PNC appears well suited to weather the latest banking predicament given shorter-duration instruments on the balance sheet and a relatively small unrealized loss on its held-to-maturity securities compared to peers. Nevertheless, shares have skidded more than 40% since the beginning of 2022 even as the company further expanded its reach via the acquisition of BBVA’s U.S. retail operation in 2021. Shares trade for less than 9 times the NTM EPS estimate and yield a whopping 5.3%, with a dividend coverage of more than 2X.
CITIZENS FINANCIAL (CFG)
Rhode Island-based regional bank Citizens Financial turned in adjusted EPS of $1.10 (vs. $1.13 est.) in Q1. Management said that churn in the deposit market continues to diminish since the bank failures, with deposits stabilizing in March.
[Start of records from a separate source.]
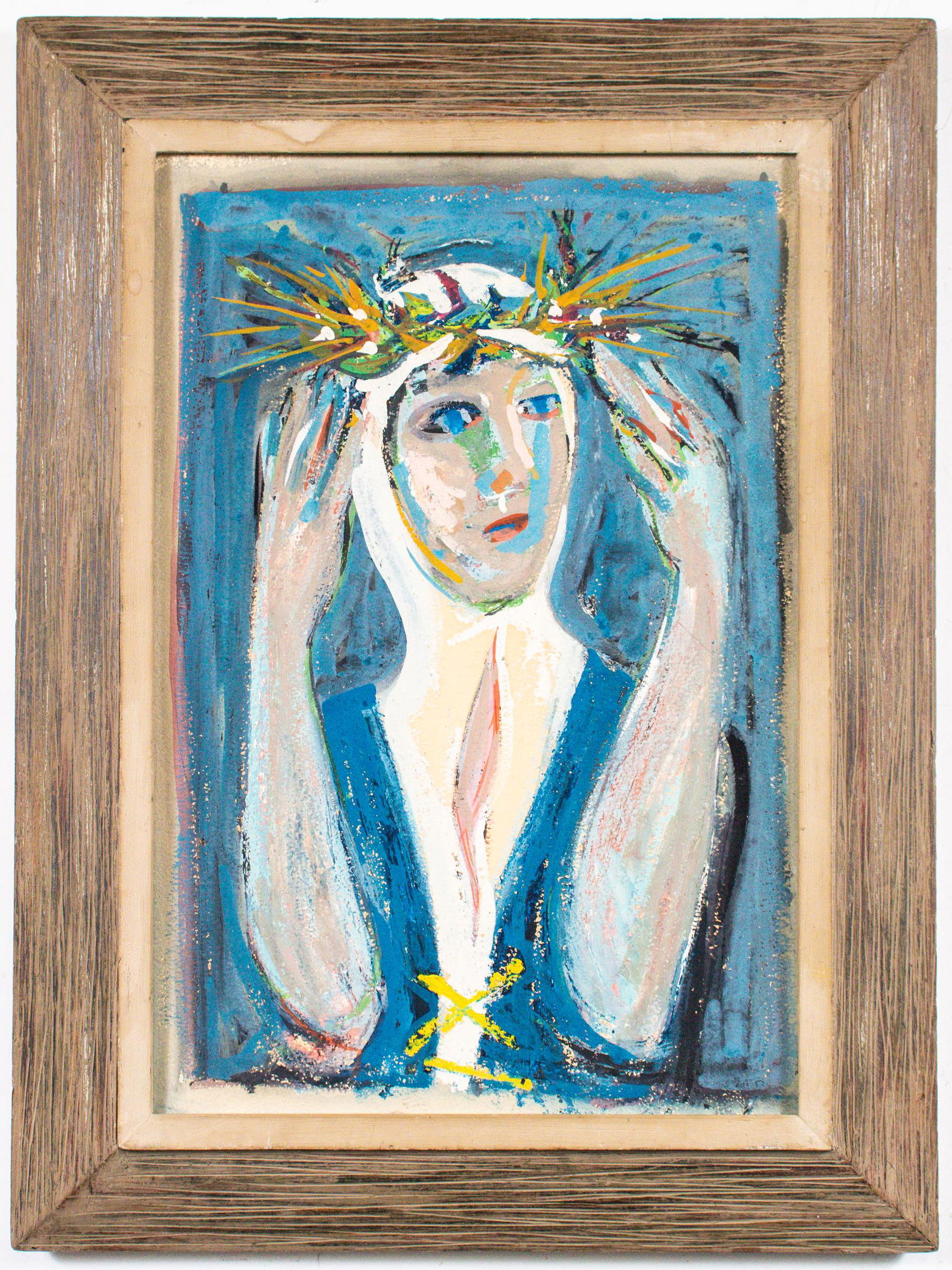 Paul Bond "Saint Joan" Casein Paint on Board (1 of 12)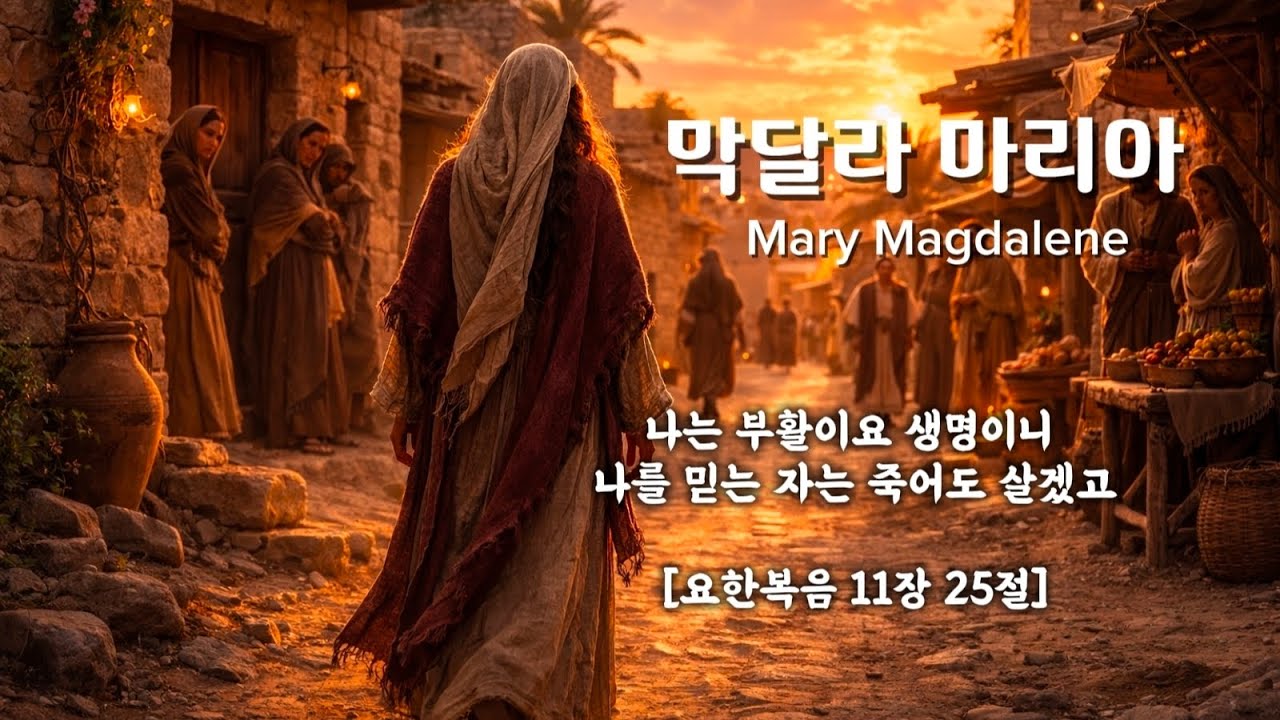 [CCM] 막달라 마리아 찬양 | 내가 주를 보았네 | 부활의 증인 Mary Magdalene Worship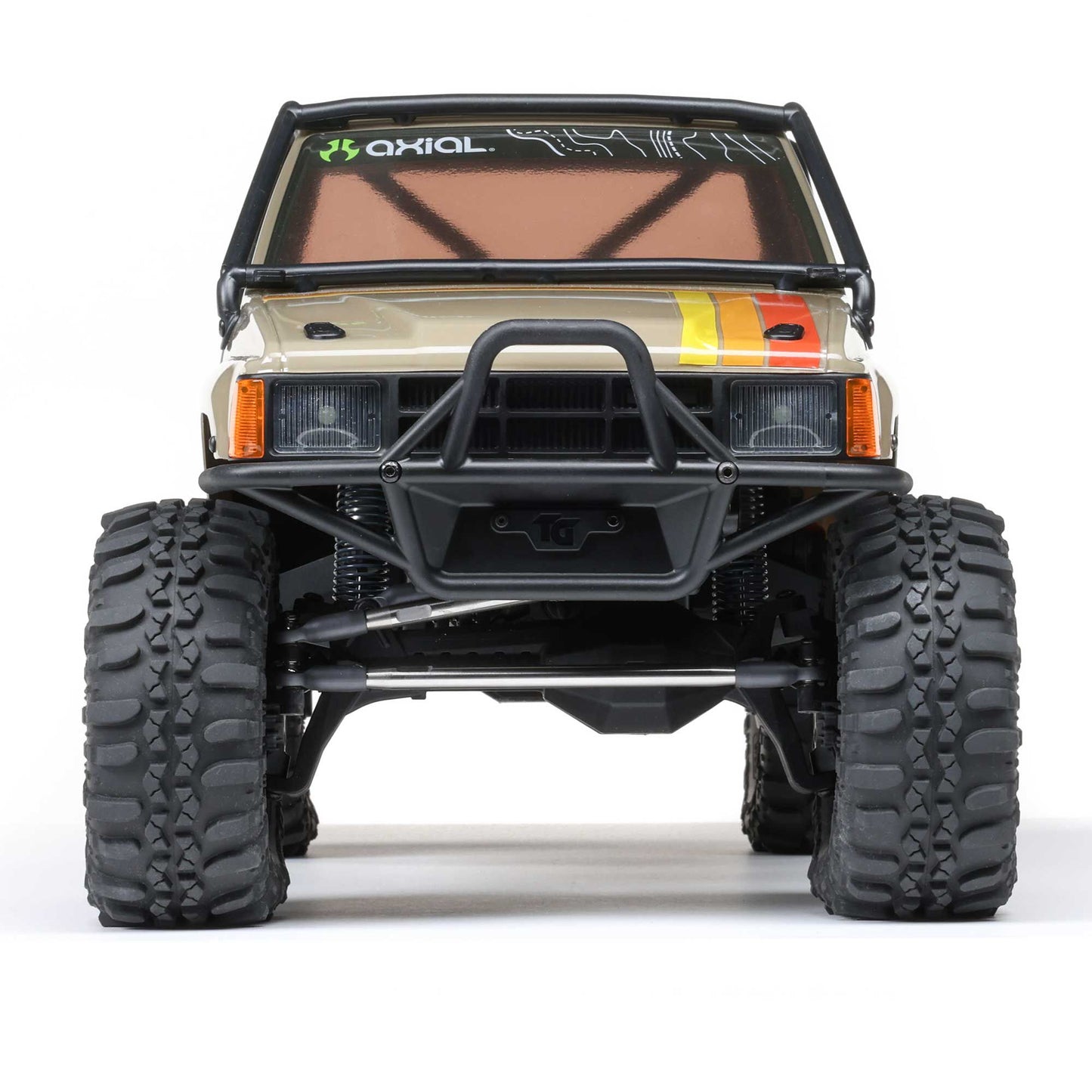 Axial 1/10 SCX10 III 1987 Toyota SR5 4X4 RTR Brushed Rock Crawler, Tan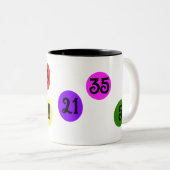 BINGO I Love Bingo Mugおもしろい カラフル ツートーンマグカップ (正面右)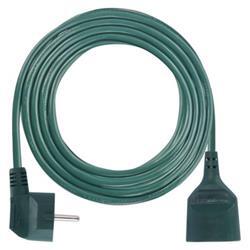 Prodlužovací kabel 5m / 1 zásuvka / zelený / PVC / 1mm2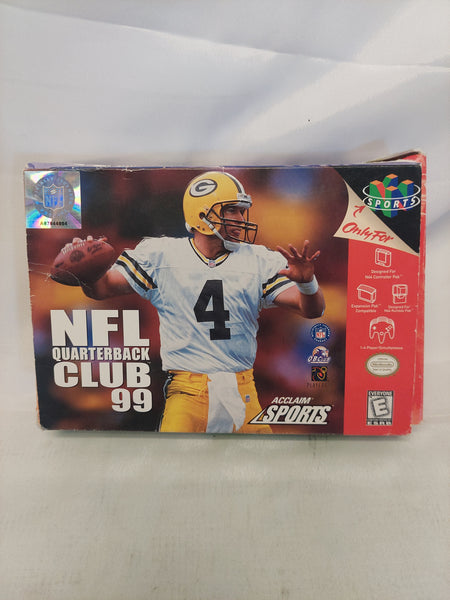 Nintendo N64 NFL Quarterback Club 99 Game Box ONLY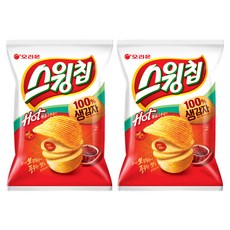 스윙칩 볶음고추장맛, 60g, 2개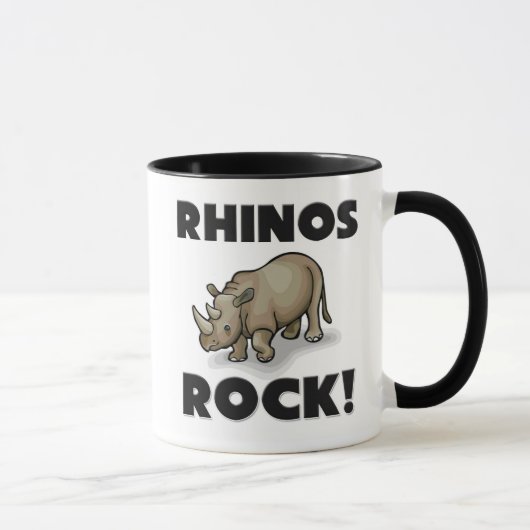 Rhinos Rock Mok (Rechts)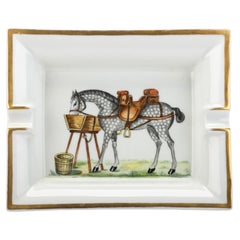 Hermès Horse Gold Porcelaine Ashtray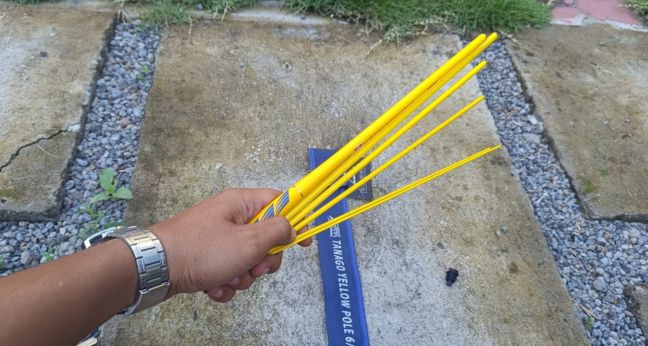 Ruas tegek Ispull Tanago Yellow Pole micro fishing lentur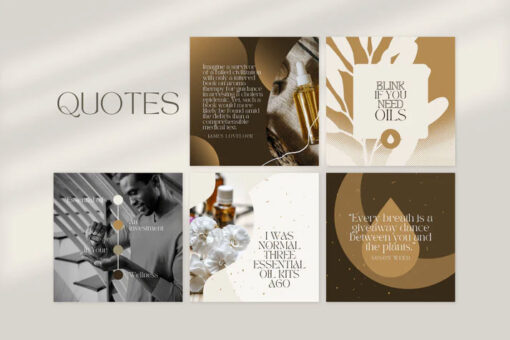 200 Essential Oils Templates for Social Media - Image 2
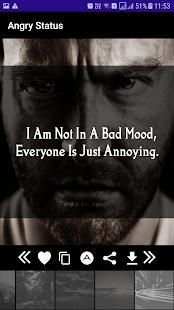 Angry Status & Angry Quotes Creator, Angry Images स्क्रीनशॉट 1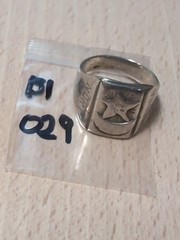Vintage World War II North Africa Corp Sterling Silver Ring Signet Size 10 +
CEO Bruce Van Saun stated, “The first quarter brought unexpected challenges in the environment, but we proved adaptable and resilient, successfully navigating through them and delivering solid financial results. Our capital, liquidity and funding position remains strong, and our deposits were broadly stable over the month of March. We remain focused on our deposit initiatives, taking care of our customers and protecting key investments while trimming expenses where we can. We are hopeful that market turmoil continues to subside, and we expect that we will be able to deliver attractive mid-teens ROTCE for the year.”
He added, “Our outlook for 2023 still shows attractive proxy for the full year, despite the challenging environment. There’s still a great deal of uncertainty which makes forecasting more difficult, but we remain confident in the strength of our franchise and the ability to weather the storm. We are building a great bank and we remain excited about our future. Our capital strength and attractive franchise should position us to be nimble and to take advantage of opportunities as they arise.”
Following the purchase of HSBC branches within its market and the acquisition of Investors Bancorp in 2021, Citizens has grown its deposit franchise by over 17% year-over-year. We think the moves complement and round out its existing territory, while adding JMP Group (securities) into the fold (also in 2021) brings diversification through additional fee generation. Fee generating activity has slowed, although not as much as for some, while a focus on maximizing operating leverage for an expanded operation prime the bank for higher returns in the current year. Shares trade for less than 6 times estimated earnings and now offer a 6.8% dividend yield.